The following is a summary of scheduled debt maturities by year as of September 30, 2023:
(in millions)
2023$— 
2024— 
2025389 
2026— 
2027388 
Thereafter3,354 
$4,131 
Credit Facilities
2022 Credit Facility
On April 8, 2022, the Company entered into an Amended and Restated Credit Agreement that replaces its previous credit facility with a group of banks, that as amended, has a maturity date of April 2027 (the “2022 credit facility”). As of September 30, 2023, the 2022 credit facility has an aggregate maximum revolving credit amount and borrowing base of $3.5 billion and elected five-year revolving commitments of $2.0 billion (the “Five-Year Tranche”). The borrowing base is subject to redetermination at least twice a year, which typically occurs in April and October, and is secured by substantially all of the assets owned by the Company and its subsidiaries. On October 4, 2023, the Company’s borrowing base was reaffirmed at $3.5 billion and the Five-Year Tranche was reaffirmed at $2.0 billion and has a maturity date of April 8, 2027.

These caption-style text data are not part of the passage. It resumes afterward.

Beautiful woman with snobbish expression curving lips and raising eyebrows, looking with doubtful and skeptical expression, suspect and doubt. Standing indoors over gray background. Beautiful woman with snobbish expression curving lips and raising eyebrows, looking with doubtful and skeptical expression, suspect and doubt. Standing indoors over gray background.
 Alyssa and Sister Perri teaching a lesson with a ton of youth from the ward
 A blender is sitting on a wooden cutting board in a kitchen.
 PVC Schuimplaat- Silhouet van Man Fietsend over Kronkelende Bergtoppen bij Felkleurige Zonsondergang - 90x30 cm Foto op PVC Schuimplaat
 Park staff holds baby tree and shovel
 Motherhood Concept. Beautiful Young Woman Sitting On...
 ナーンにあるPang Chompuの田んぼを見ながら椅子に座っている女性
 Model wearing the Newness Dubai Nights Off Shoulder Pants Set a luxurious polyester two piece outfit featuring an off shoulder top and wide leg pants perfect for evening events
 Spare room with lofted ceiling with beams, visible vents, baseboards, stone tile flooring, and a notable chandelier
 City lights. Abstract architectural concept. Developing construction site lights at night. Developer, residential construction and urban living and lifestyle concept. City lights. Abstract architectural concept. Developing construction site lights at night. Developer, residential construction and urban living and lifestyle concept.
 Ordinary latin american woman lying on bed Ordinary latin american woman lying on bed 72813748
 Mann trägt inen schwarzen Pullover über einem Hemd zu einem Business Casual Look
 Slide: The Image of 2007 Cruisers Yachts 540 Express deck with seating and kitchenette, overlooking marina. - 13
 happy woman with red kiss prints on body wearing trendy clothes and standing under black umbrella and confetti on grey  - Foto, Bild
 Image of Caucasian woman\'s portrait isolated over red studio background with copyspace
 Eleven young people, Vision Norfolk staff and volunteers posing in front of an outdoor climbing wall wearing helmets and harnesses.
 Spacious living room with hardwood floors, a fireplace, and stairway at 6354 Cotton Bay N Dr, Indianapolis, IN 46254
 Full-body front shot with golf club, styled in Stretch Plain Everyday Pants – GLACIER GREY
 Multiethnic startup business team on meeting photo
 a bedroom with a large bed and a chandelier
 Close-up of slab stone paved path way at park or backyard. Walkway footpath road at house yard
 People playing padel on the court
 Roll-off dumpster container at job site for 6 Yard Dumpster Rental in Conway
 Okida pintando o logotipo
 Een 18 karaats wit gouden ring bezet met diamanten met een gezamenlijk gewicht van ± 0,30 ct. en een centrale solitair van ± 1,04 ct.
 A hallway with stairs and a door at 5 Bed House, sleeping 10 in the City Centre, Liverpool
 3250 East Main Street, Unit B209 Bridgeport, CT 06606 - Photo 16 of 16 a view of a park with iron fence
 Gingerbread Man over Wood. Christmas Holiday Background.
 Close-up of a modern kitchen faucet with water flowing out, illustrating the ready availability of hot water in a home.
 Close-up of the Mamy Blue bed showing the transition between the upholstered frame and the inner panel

Effective August 4, 2022, the Company elected to temporarily increase commitments under the 2022 credit facility by $500 million (the “Short-Term Tranche”) as a temporary working capital liquidity resource. The Company had no borrowings under the Short-Term Tranche which expired on April 30, 2023 and was not renewed.
The Company may utilize the 2022 credit facility in the form of loans and letters of credit. Loans under the Five-Year Tranche of the 2022 credit facility are subject to varying rates of interest based on whether the loan is a Secured Overnight Financing Rate (“SOFR”) loan or an alternate base rate loan. Term SOFR loans bear interest at term SOFR plus an applicable rate ranging from 1.75% to 2.75% based on the Company’s utilization of the Five-Year Tranche of the 2022 credit facility, plus a 0.10% credit spread adjustment. Base rate loans bear interest at a base rate per year equal to the greatest of: (i) the prime rate; (ii) the federal funds effective rate plus 0.50%; and (iii) the adjusted term SOFR rate for a one-month interest period plus 1.00%, plus an applicable margin ranging from 0.75% to 1.75%, depending on the percentage of the commitments utilized. Commitment fees on unused commitment amounts under the Five-Year Tranche of the 2022 credit facility range between 0.375% to 0.50%, depending on the percentage of the commitments utilized.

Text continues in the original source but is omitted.